Defect Formation in Quench-Cooled Superfluid Phase Transition
V.M. Ruutu, V.B. Eltsov, M. Krusius, Yu.G. Makhlin, B. Placais and, G.E. Volovik
TL;DR
This study investigates vortex formation during rapid cooling of superfluid helium-3 using neutron absorption and NMR, confirming Kibble-Zurek theory predictions and revealing complex phase transition dynamics.
Contribution
It provides experimental validation of the Kibble-Zurek mechanism in superfluid helium-3 and uncovers the patchwork nature of the superfluid state during rapid cooling.
Findings
Vortex lines form during rapid cooling as predicted by Kibble-Zurek theory.
The measured vortex-loop size distribution matches theoretical calculations.

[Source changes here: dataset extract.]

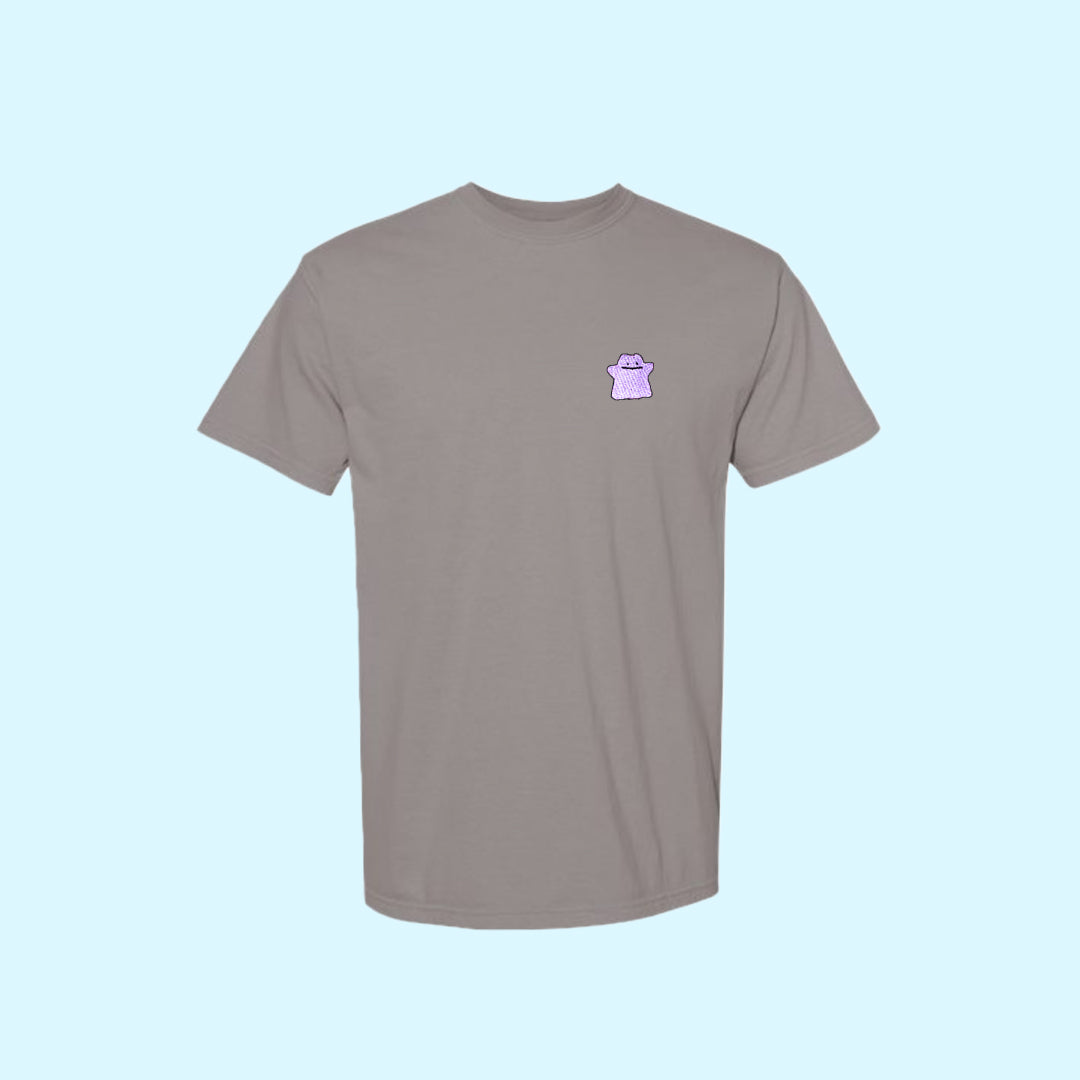 #0132 tee shirt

The superfluid state develops as a patchwork of A and B phase regions.
Abstract
We use neutron absorption in rotating 3He-B to heat locally a 10 micrometer-size volume into normal phase. When the heated region cools back in microseconds, vortex lines are formed. We record with NMR the number of lines as a function of superflow velocity and compare to the Kibble-Zurek theory of vortex-loop freeze-out from a random network of defects. The measurements confirm the calculated loop-size distribution and show that also the superfluid state itself forms as a patchwork of competing A and B phase blobs. This explains the A to B transition in supercooled neutron-irradiated 3He-A.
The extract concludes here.